Kelman: Challenges to conventional thinking can prompt novel ideas
Iconoclasts spur innovation because they do not settle for familiar ideas or solutions.
Imagine for a moment — before you continue reading this column — a sun setting over a beach. If you are like most people, you imagined the sun setting peacefully over shimmering blue water, with the beach empty and bereft of activity.
Why is that?
Such an image is what we have seen most frequently on postcards and in films so it is what most easily comes to mind, according to Emory University professor Gregory Berns in “Iconoclast: A Neuroscientist Reveals How to Think Differently.”

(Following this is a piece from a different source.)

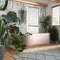 Wooden bathroom in white and gray tones with freestanding bathtub. Windows with venetian blinds. Biophilic concept, many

If you thought of something different, such as a beach filled with sunbathers or a couple strolling hand-in-hand at the water’s edge, you might be an iconoclast — someone who thinks differently and comes up with novel ideas. Berns’ book is devoted to how iconoclasts are different and how individuals can cultivate the ability to be successful iconoclasts.
The most interesting part of the book is Berns’ exploration of how iconoclasts perceive the world differently. Seeing is a physical phenomenon, while perception is the interpretation of what we see.
To economize on energy, the mind normally takes the path of least resistance — it perceives based on experience. That makes it hard to look at something in a new way, which is required for innovation.
Innovators come up with insights by perceiving things in new and unfamiliar ways. Walt Disney once saw a still cartoon projected on a movie screen, which seeded the idea of animated cartoons as entertainment. Therefore, Berns suggests, it is no surprise that innovators often get their best ideas while in unfamiliar environments.
Although perceiving something new requires unfamiliarity, selling the idea to others often requires the opposite: making the innovation seem familiar and not risky.
Berns argues that unfamiliar objects trigger the fight-or-flight response. For example, Jonas Salk’s approach to the polio vaccine was novel, but getting a shot at the doctor’s office was a common experience. The public’s comfort with getting injections made it easy for them to accept the new polio vaccine.
Harvard Business School Press published Berns’ book, and it makes sense to pitch such a book to people in business. Companies need at least some iconoclasts to be the source for new ideas and new approaches if firms are to survive in a changing world.
In government, the need for innovators is not as self-evident. As Berns notes, in government, we often discourage innovation by pillorying even well-intentioned failure in the name of accountability. Yet government performance shortfalls are even more dramatic than those in business, which means we need iconoclasts in government as well.